Una prima strada da percorrere per combattere il greenwashing è dunque quella di sviluppare metriche di valutazione chiare, omogenee, verificabili e certificate. Di grande interesse, a questo proposito, risulta la recente istituzione, da parte della International Financial Reporting Standards (IFRS) Foundation, di un nuovo organismo, l’International Sustainability Standards Board (ISSB), con la missione di sviluppare un sistema di IFRS Sustainability Disclosure Standards, destinati a rappresentare per le pratiche Esg quello che gli IFRS Accounting Standard hanno fino ad oggi rappresentato per le pratiche contabili.

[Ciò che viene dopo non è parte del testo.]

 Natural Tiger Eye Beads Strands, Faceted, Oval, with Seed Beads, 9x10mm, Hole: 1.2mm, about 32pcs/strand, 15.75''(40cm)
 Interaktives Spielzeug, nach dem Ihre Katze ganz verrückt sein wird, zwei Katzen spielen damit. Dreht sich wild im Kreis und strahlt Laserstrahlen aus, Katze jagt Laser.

Una seconda strada, a nostro avviso ancora più efficace, è quella di consentire agli stakeholder di comprendere l’effettivo potenziale di creazione di valore economico delle pratiche Esg che l’azienda dichiara di aver adottato. Se è vero che in una economia capitalistica l’obiettivo primario dell’impresa resta quello di creare valore per i suoi azionisti, l’adozione volontaria di comportamenti responsabili in chiave Esg risulta infatti poco credibile se tali comportamenti non sono in grado di creare valore economico. Quando Bill Gates ha deciso di destinare svariate decine di miliardi di dollari a migliorare l’assistenza sanitaria e ridurre la povertà nel mondo lo ha fatto attraverso una fondazione filantropica (la Bill & Melinda Gates) completamente separata dalla Microsoft, che mantiene la creazione di valore per i suoi azionisti quale obiettivo strategico primario. Diverse indagini empiriche hanno in effetti dimostrato che esiste una correlazione positiva tra adozione di alcune categorie di pratiche Esg e creazione di valore: le imprese che adottano comportamenti responsabili beneficiano infatti di riduzioni del costo del debito (specie nel caso di prestiti non garantiti) e dell’equity, minori costi energetici e di materie prime (come nel caso delle pratiche di riciclaggio di scarti di produzione e/o di prodotti a fine vita per generare materia prima rinnovata) e maggiori ricavi (ad esempio perché il personale è più produttivo quando il clima organizzativo è buono ed i clienti sono disposti pagare un prezzo più elevato se il prodotto che acquistano trasmette valori positivi dal punto di vista etico, sociale ed ambientale).
Un grande passo verso la diffusione di comportamenti aziendali responsabili potrebbe dunque venire dalla elaborazione di metriche nuove ed affidabili in grado di misurare l’impatto, attuale e potenziale, delle politiche Esg dichiarate sulla capacità di creazione di valore delle imprese. Allora sì che il comportamento responsabile dichiarato diverrebbe credibile e proprio facendo leva su tale credibilità la mano invisibile del mercato, spesso superficialmente indicata come causa di tutti i mali del mondo (ivi inclusi l’inquinamento ambientale, il peggioramento climatico, l’esclusione sociale), potrebbe diventare una leva formidabile per stimolare, diffondere e far evolvere pratiche Esg effettive, efficaci ed economicamente sostenibili.